Praktische Schwierigkeiten ergeben sich aus der dargestellten Rechtslage für die Arbeitsverwaltung nicht. Denn der Sperrzeittatbestand des § 119 Abs 1 Satz 1 Nr 2 AFG ist nur dann als nicht erfüllt anzusehen, wenn das Verhalten des Arbeitslosen offensichtlich nicht zu einer Verlängerung der Arbeitslosigkeit geführt hat. Hätte der Arbeitslose, wie im Falle der Klägerin, die angebotene Stelle innerhalb eines Monats antreten können, mag die Arbeitsverwaltung mit der Feststellung der Sperrzeit zuwarten. Erscheint dies jedoch nicht tunlich, kann sie den Eintritt der Sperrzeit mit der Zusage feststellen, diese Entscheidung aufzuheben, sofern der Arbeitslose bis zu dem Zeitpunkt, zu dem er die angebotene Stelle hätte antreten können, einen Arbeitsplatz gefunden hat. Veranlaßt eine solche Entscheidung den Arbeitslosen zu besonderen Bemühungen um Arbeit, erhält die Sperrzeit über die bloße Leistungsverweigerung hinaus einen weiteren sachgerechten Sinn.

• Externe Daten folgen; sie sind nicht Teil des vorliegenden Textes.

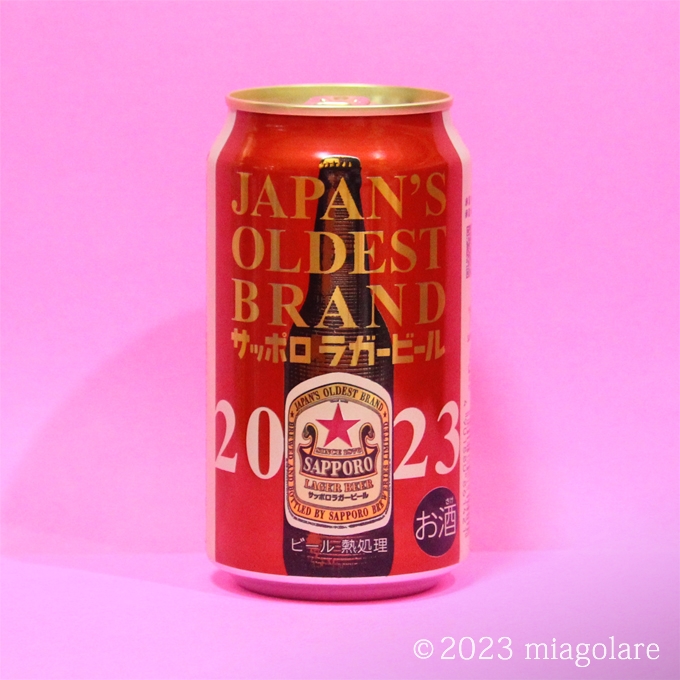 サッポロラガービール 缶 350ml [ SAPPORO ]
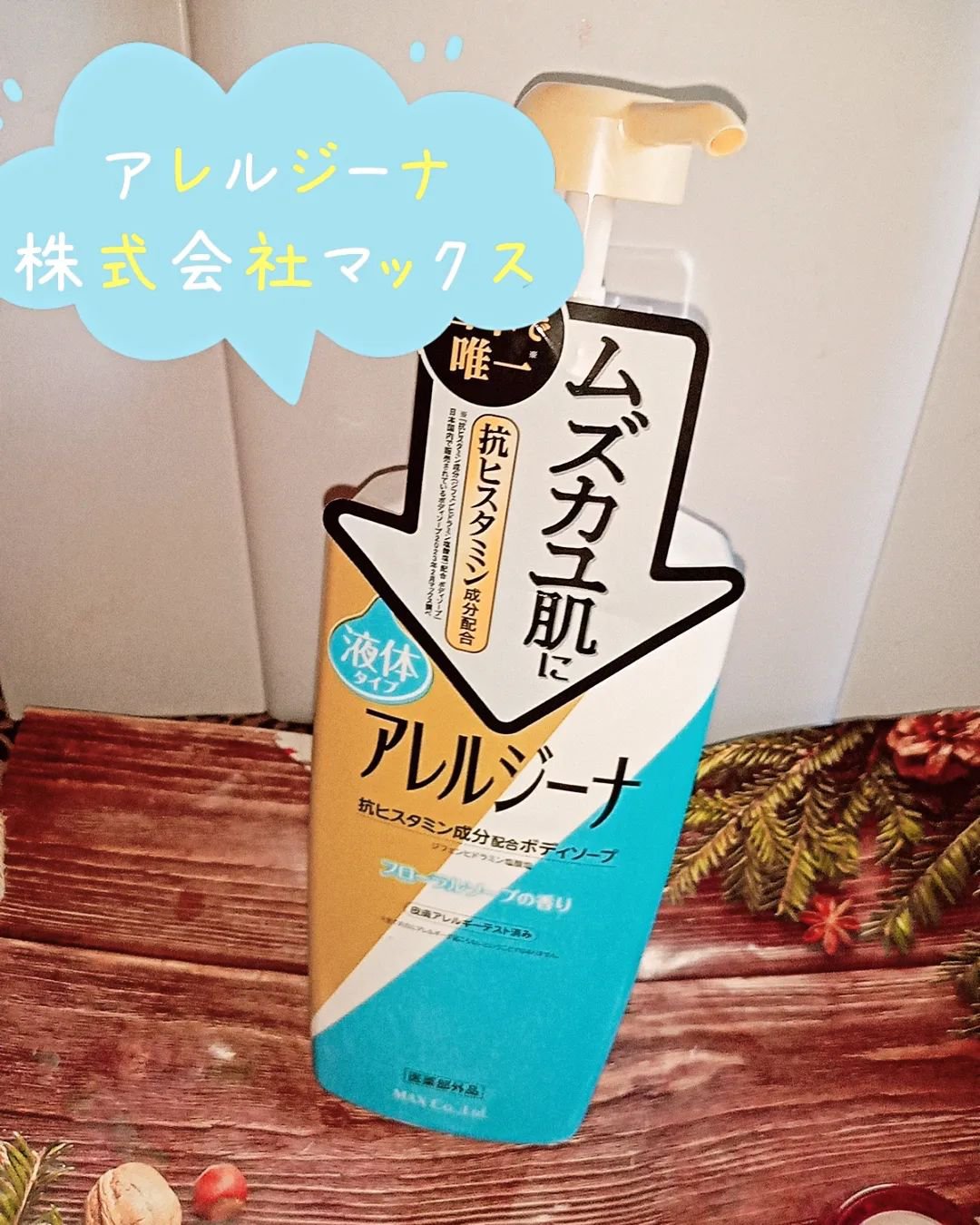 アレルジーナ 抗ヒスタミン成分配合 泡ボディソープ/マックス/ボディソープを使ったクチコミ（2枚目）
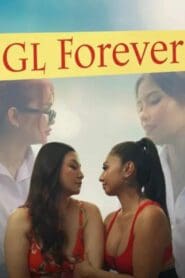 GL Forever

Haben die Vorinstanzen demnach zu Recht entschieden, daß die Sperrzeit nicht eingetreten ist, ruhte das der Klägerin bewilligte Alg in der Zeit vom 3. bis 30. November 1976 nicht, so daß auch die Rückforderung sich als rechtswidrig erweist. Auch die Kostenentscheidungen der Vorinstanzen sind nicht zu beanstanden, da die Beklagte der Sache nach im vollen Umfang unterliegt. Die weitergehende Revision ist daher unbegründet.
Die Kostenentscheidung beruht auf § 193 SGG.